The new intelligent monitoring reports by the Care Quality Commission (CQC) reveal the performance of 161 acute hospitals across the country using 150 indicators and have ranked trusts between one and six, with those at most risk with the lowest score.
Norfolk’s biggest hospital, the Norfolk and Norwich University Hospital (NNUH), was placed in band three by the regulator after three “elevated risks” were identified on ambulance handover delays of more than 60 minutes, whistleblowing alerts, and in-hospital mortality on patients with kidney conditions.
Anna Dugdale, chief executive, said she expected the trust’s score to improve because some of the indicators used data that was now out of date.
“Our categorisation in Band 3 is disappointing and we do not believe it is reflective of the quality of care our patients can expect from the NNUH. We are puzzled by the inclusion of the elevated risk for chronic renal failure mortality as the CQC have previously accepted that this is not a mortality issue, but actually a recording issue in connection with method of admission.”
“Our staff have worked very closely with the ambulance teams bringing patients to our accident and emergency department to reduce all handover delays and significant improvement has been achieved in those patients delayed over 60 minutes since April. The whistleblowing metric has come as a surprise we are currently requesting further information as we are not aware of any whistleblowing issues,” she said.
The CQC said it would be using the scores to give its inspectors a clear indication of where and what areas of patient care needed to be examined in their round of regular inspections.

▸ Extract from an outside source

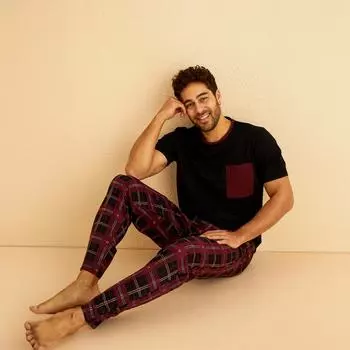 Весенне-летние мужские хлопковые пижамы в полоску с надписью, пижамные комплекты с героями мультфильмов, повседневные пижамы для сна и отдыха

The James Paget University Hospital (JPH) in Gorleston and West Suffolk Hospital in Bury St Edmunds were both ranked better that the NNUH and were placed in band four by the CQC.

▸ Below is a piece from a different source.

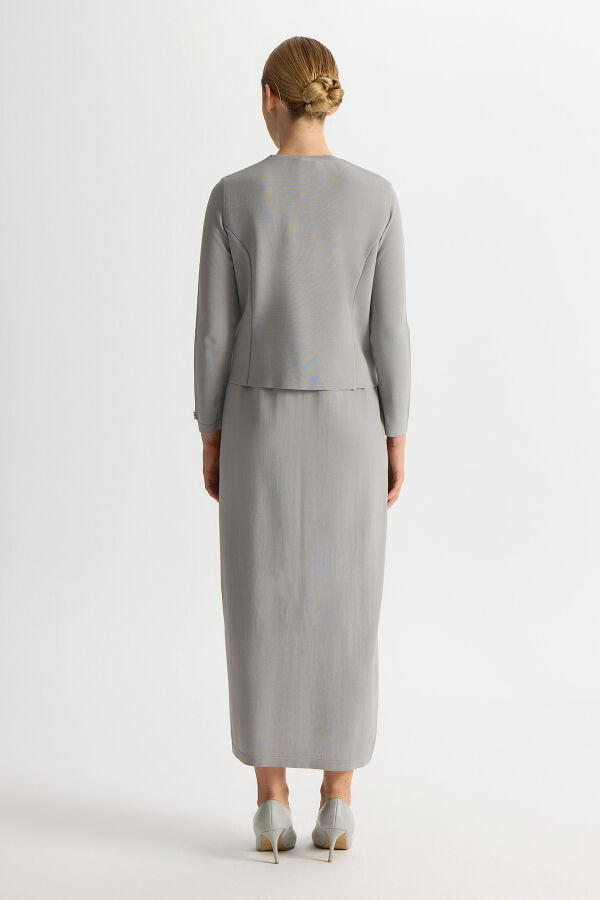 Düz Renk Rahat Kalıp Elbise Gri - 2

Elevated risks were raised on the JPH’s referral to treatment times under 18 weeks and whistleblowing alerts, according to the CQC reports.
Christine Allen, chief executive of the hospital said: “Overall, the report provides a useful overview for the trust. Band 4 places the hospital in the lower risk categories and the mortality data is an indication of expected clinical outcomes at the James Paget. The report is important as it forms part of the data we use to benchmark the quality and efficiency of the care we provide. We are pleased to see that we do well in most areas, but we continue to focus on areas requiring further improvement.”
The only elevated risks identified at the West Suffolk Hospital were on whistleblowing and data quality of trust returns to the Health and Social Care Information Centre.